**THE TASK**: Everything from the line that holds "Photo 32 at" through the end of the records below is to be transcribed exactly, except the pictures.

**EXTRACTED INFORMATION**:
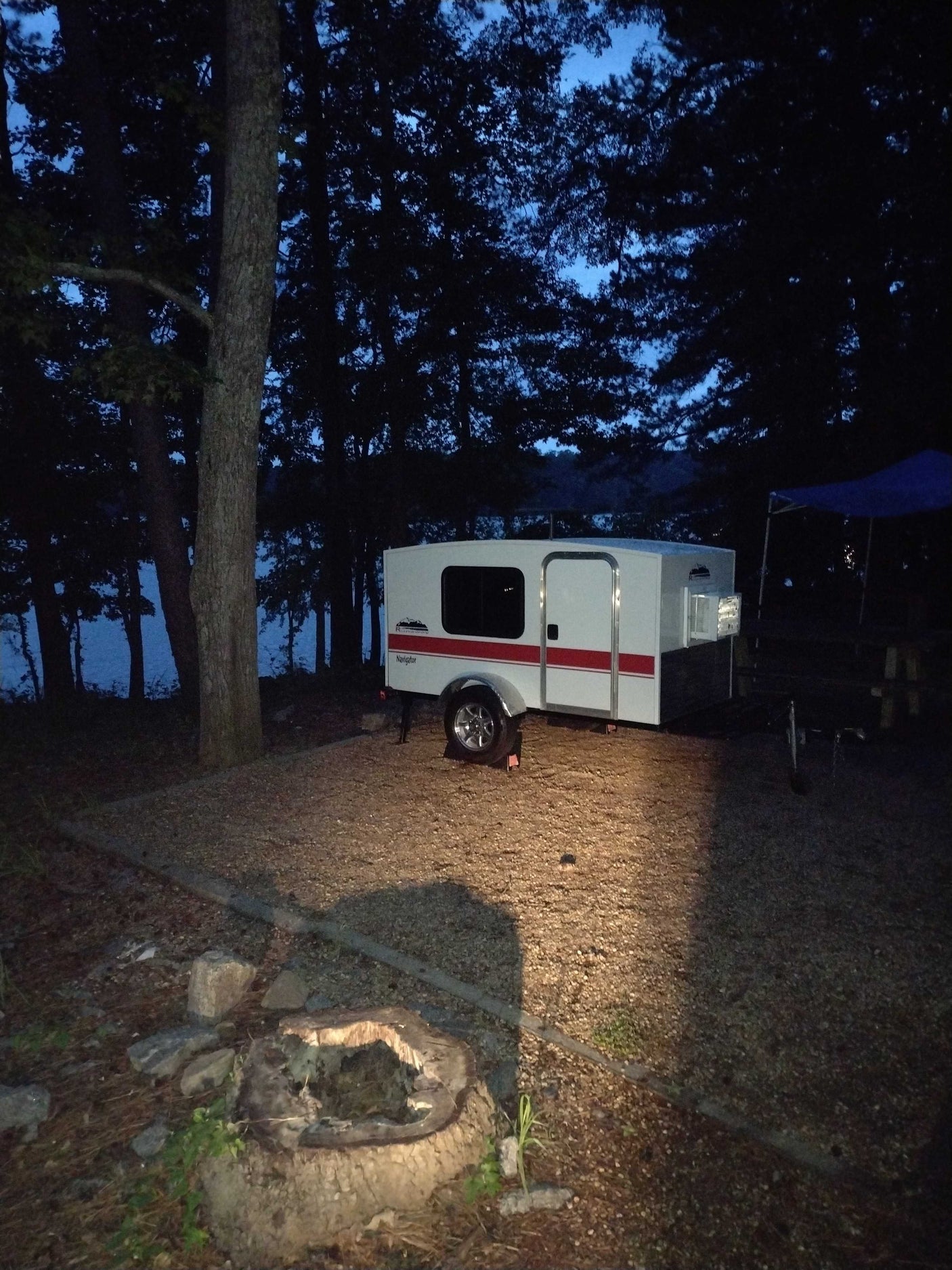 Serene evening campsite: a white rv rental teardrop camper sits by a dark lake, with a fire pit foreground.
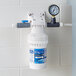 A white C Pure Oceanloch-S water filtration system with a pressure gauge attached.
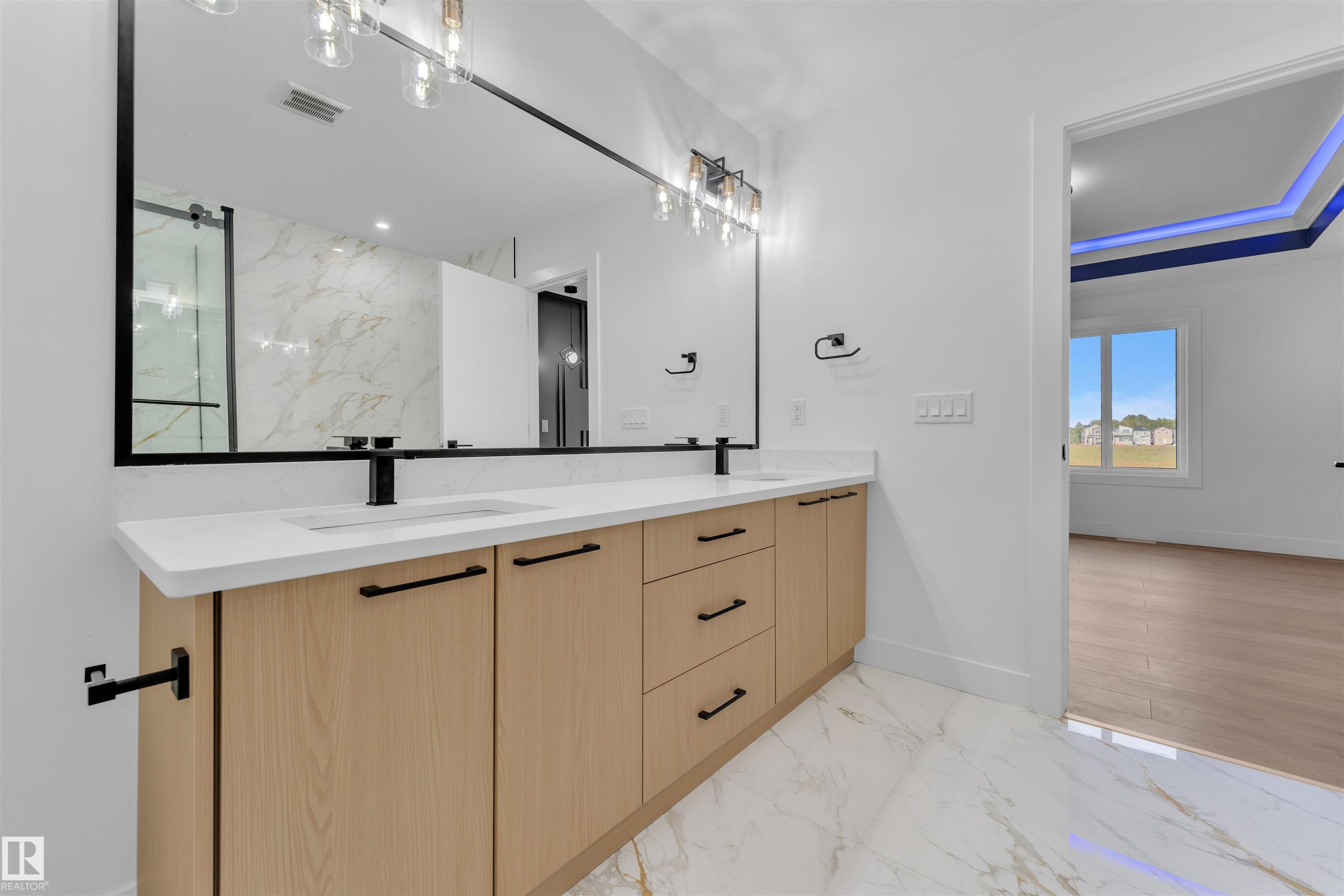 Photo 32 at 107 28 Street SW, Alces, Edmonton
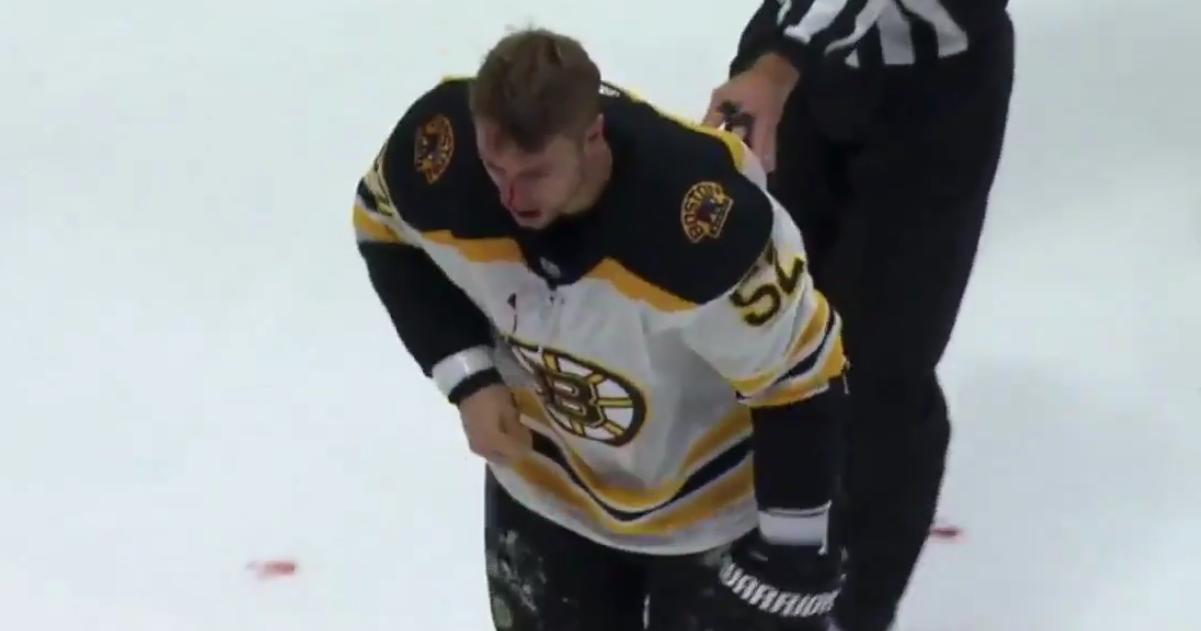 Sean Kuraly gets rocked by a massive uppercut from Ben Harpur.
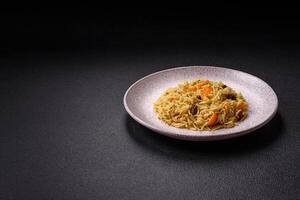 Delicious fresh pilaf with rice, carrots, meat, onions, spices and berries photo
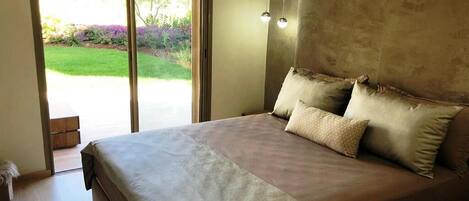 A bedroom with a large bed, a sliding glass door to a garden, and a wall-mounted light fixture.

**EXPECTED ANSWER**:
 Photo 32 at 107 28 Street SW, Alces, Edmonton
 Sean Kuraly gets rocked by a massive uppercut from Ben Harpur.
 Delicious fresh pilaf with rice, carrots, meat, onions, spices and berries photo
 A bedroom with a large bed, a sliding glass door to a garden, and a wall-mounted light fixture.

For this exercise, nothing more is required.